As promised, Navient Corp. is picking up the pace of private student loan origination and securitization.

The company’s first offering of bonds backed by refinance loans originated by Earnest, which it acquired in the fourth quarter of last year, is sized at $529.4 million – nearly three times the size of the last deal Earnest completed on its own, in May 2017.

Earnest is a leading lender to borrowers with advanced degrees and high-paying jobs, but it struggled to raise money, reportedly selling itself to Navient at a discount to its valuation.
In a conference call last month, Navient executives noted that the refinance student loans made through Earnest do not require seasoning as new in-school loans, and so can be bundled into collateral for bonds much sooner.

Navient also expects the refinance loans to perform much better than private student loans made to borrowers while they are still in school.
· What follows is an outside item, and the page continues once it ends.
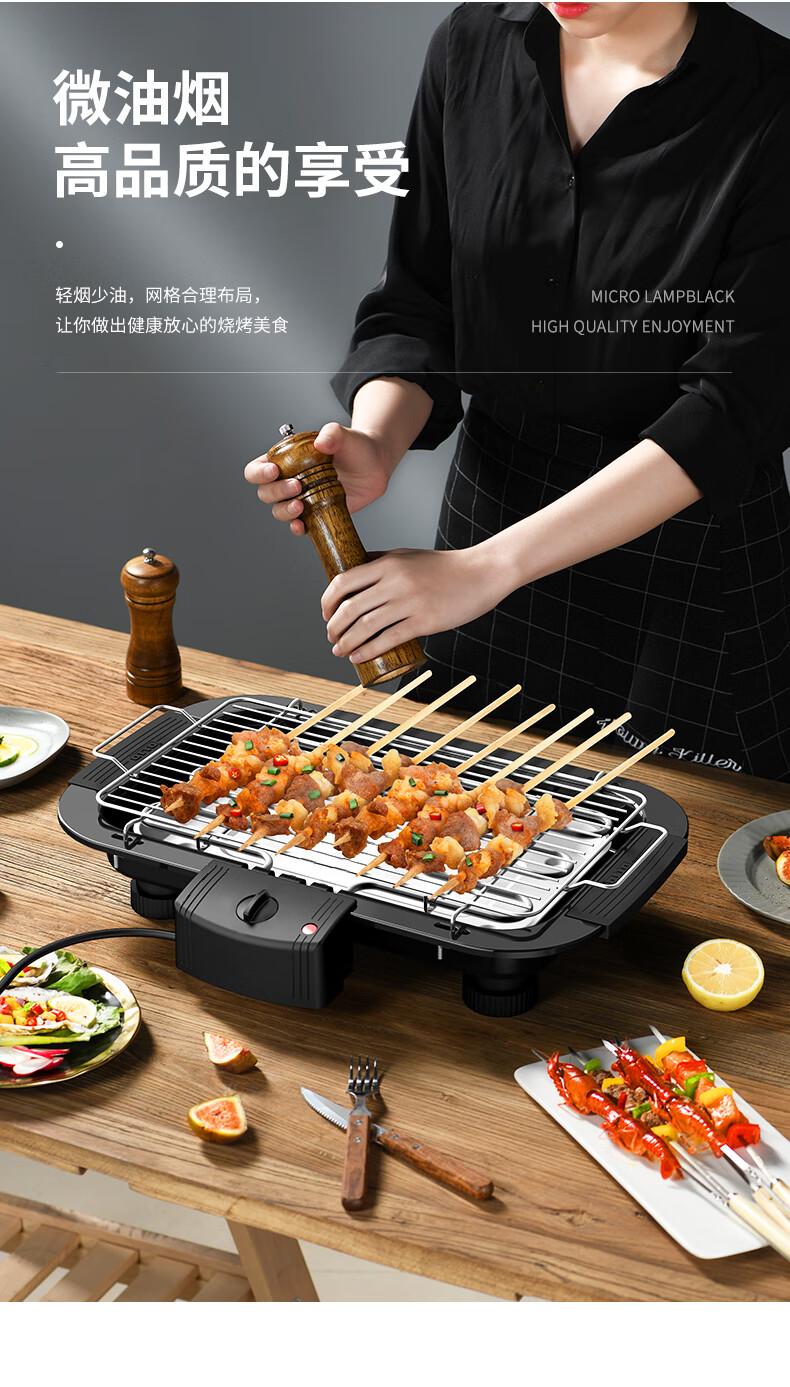 九阳同款电烧烤炉烧烤用具烧烤架家用电烤无烟烤肉炉室内烧烤串机架子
It’s projecting cumulative net losses over the lifetime of Earnest’s loans to be under 2%, compared with 6% to 7% for in-school private student loans.

While the new deal, Navient Private Education Refi Loan Trust 2018-A, is much larger, the collateral is roughly similar to that of Earnest’s May 2017 deal. The 7,154 fixed-rate loans have an average outstanding principal balance of $74,350 (versus $71,468), a weighted average annual borrow rate of 5.21% (5.11%), and a weighted average original FICO of 765 (775), according to S&P Global Ratings. However, there has been a shift in the percentage of borrowers in the highest FICO band, 740 and above; these borrowers account for just 73% of the collateral for Navient's deal, down from 83% of Earnest's May deal.

Just under 72% of loans in the latest deal are to borrowers with advanced degrees; the remaining 28.1% have bachelor’s or other degrees.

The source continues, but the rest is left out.